* Brief: Copy the lines of the data below exactly, starting at the first and stopping after the line that contains "DEVOROPA Boys Leggings"; include no pictures.

☆ ☆ ☆ ☆ ☆ ☆ ☆

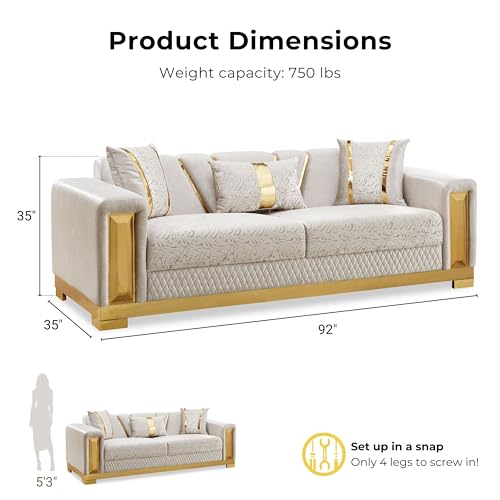 Image of Furniture of America Samison II Glam Solid Wood Upholstered Couch with Accent Pillows, Damask Pattern and Gold Base, Comfortable Sofa for Living Room, Bedroom, Office, Beige
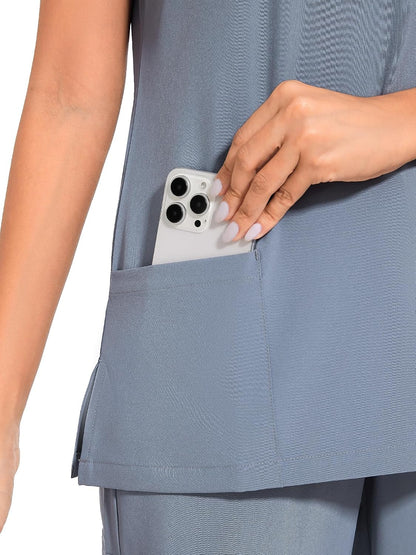 COZYFIT Scrubs for Women Set - Stretch V-Neck Scrub Top & Jogger Pant with 8 Pockets COZY SCRUBS - Colors E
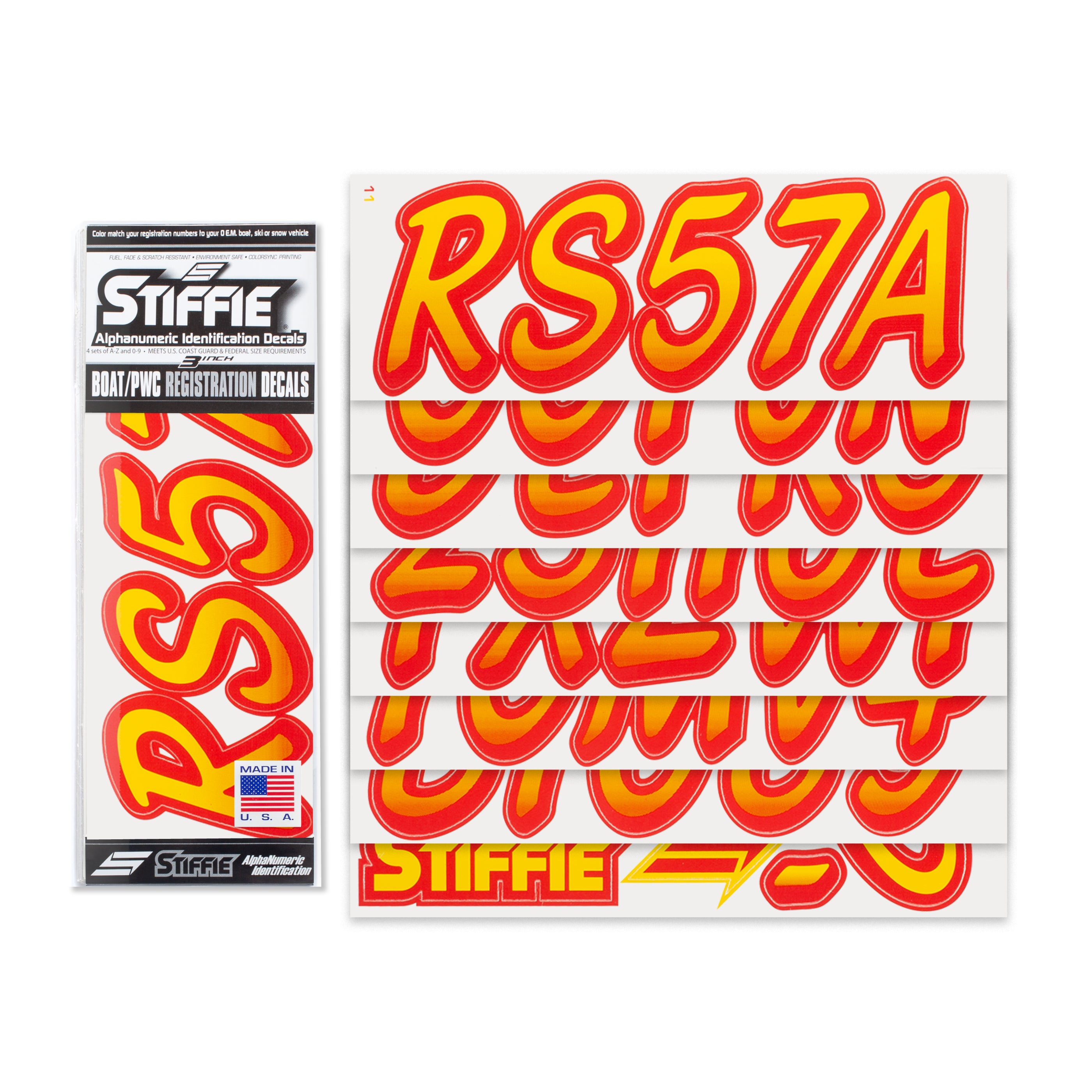 Stiffie Whipline Yellow/Red ID Kit 3" Alpha-Numeric Registration Identification Numbers Stickers Decals for Boats & Personal Watercraft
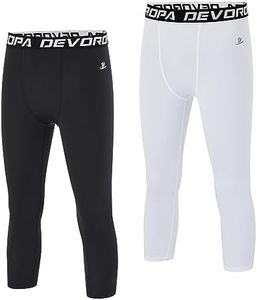 DEVOROPA Boys Leggings Quick Dry Youth Compression Pants Sports Tights Basketball Base Layer, 3/4 Black/White(2-pack), Small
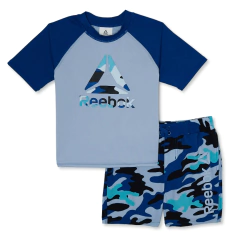 Conjunto "Reebok" - Remera UV manga corta + malla camuflada gris y azul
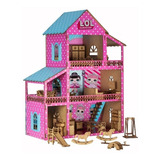 Casinha Boneca Adesivada Casa Lol Móveis Pintados Parque Mdf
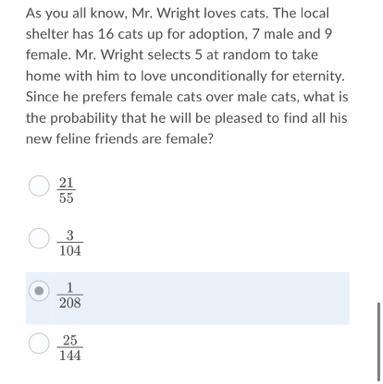 As you all know, Mr. Wright loves cats. The localshelter has 16 cats up for adoption-example-1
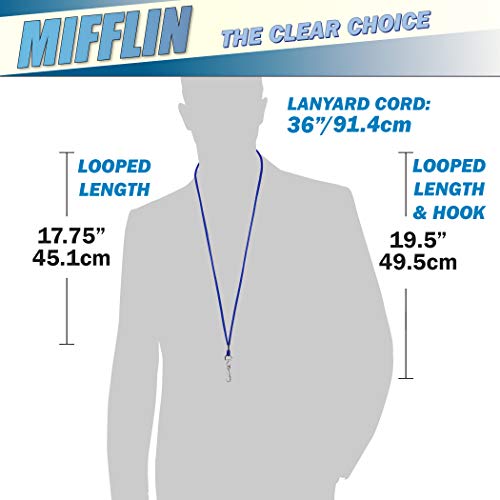Mifflin-Usa Lanyard With Vertical Id Name Holder (Blue Cord, Clear 2.25X3.5 Inch Card Holder, 50 Pack) #TOP4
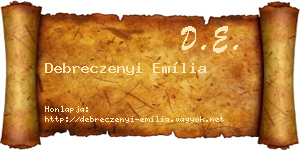 Debreczenyi Emília névjegykártya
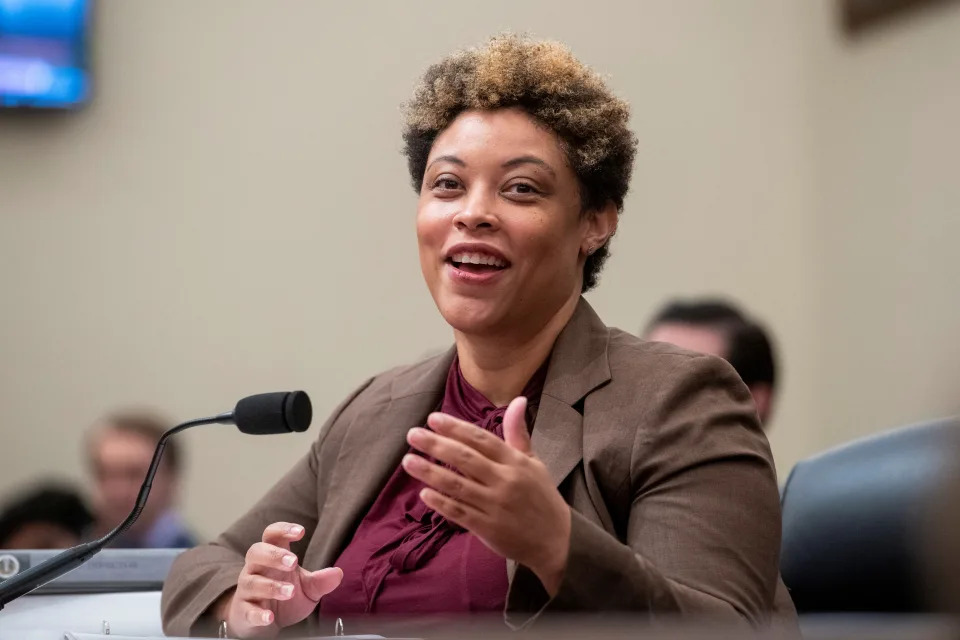 U.S. Office of Management and Budget Director Shalanda Young responds to a question during a U.S. House Budget Committee hearing on U.S. President Joe Biden&#39;s budget plan for the fiscal year 2023, in the Cannon House Office Building in Washington, U.S., March 29, 2022. Rod Lamkey/Pool via REUTERS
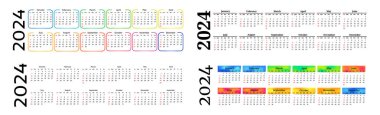 2024 için dört yatay takvim seti beyaz arka planda izole edildi. Pazardan pazartesiye, iş planı. Vektör illüstrasyonu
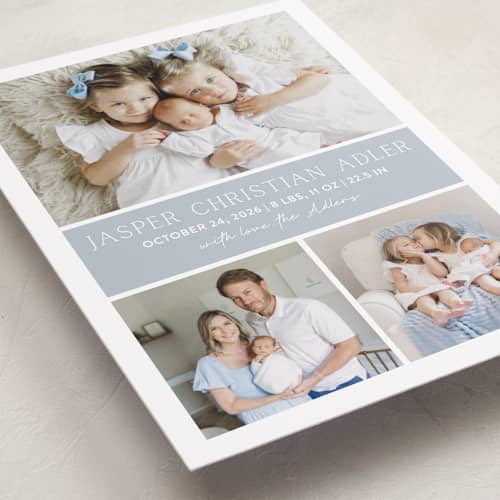 This is a bluebell grand birth announcements with standard by Vanessa Doyle called color block printing on recycled smooth signature in grand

☆ ☆ ☆ ☆ ☆ ☆ ☆

* Response below:
 Image of Furniture of America Samison II Glam Solid Wood Upholstered Couch with Accent Pillows, Damask Pattern and Gold Base, Comfortable Sofa for Living Room, Bedroom, Office, Beige
 COZYFIT Scrubs for Women Set - Stretch V-Neck Scrub Top & Jogger Pant with 8 Pockets COZY SCRUBS - Colors E
 Stiffie Whipline Yellow/Red ID Kit 3" Alpha-Numeric Registration Identification Numbers Stickers Decals for Boats & Personal Watercraft
 DEVOROPA Boys Leggings Quick Dry Youth Compression Pants Sports Tights Basketball Base Layer, 3/4 Black/White(2-pack), Small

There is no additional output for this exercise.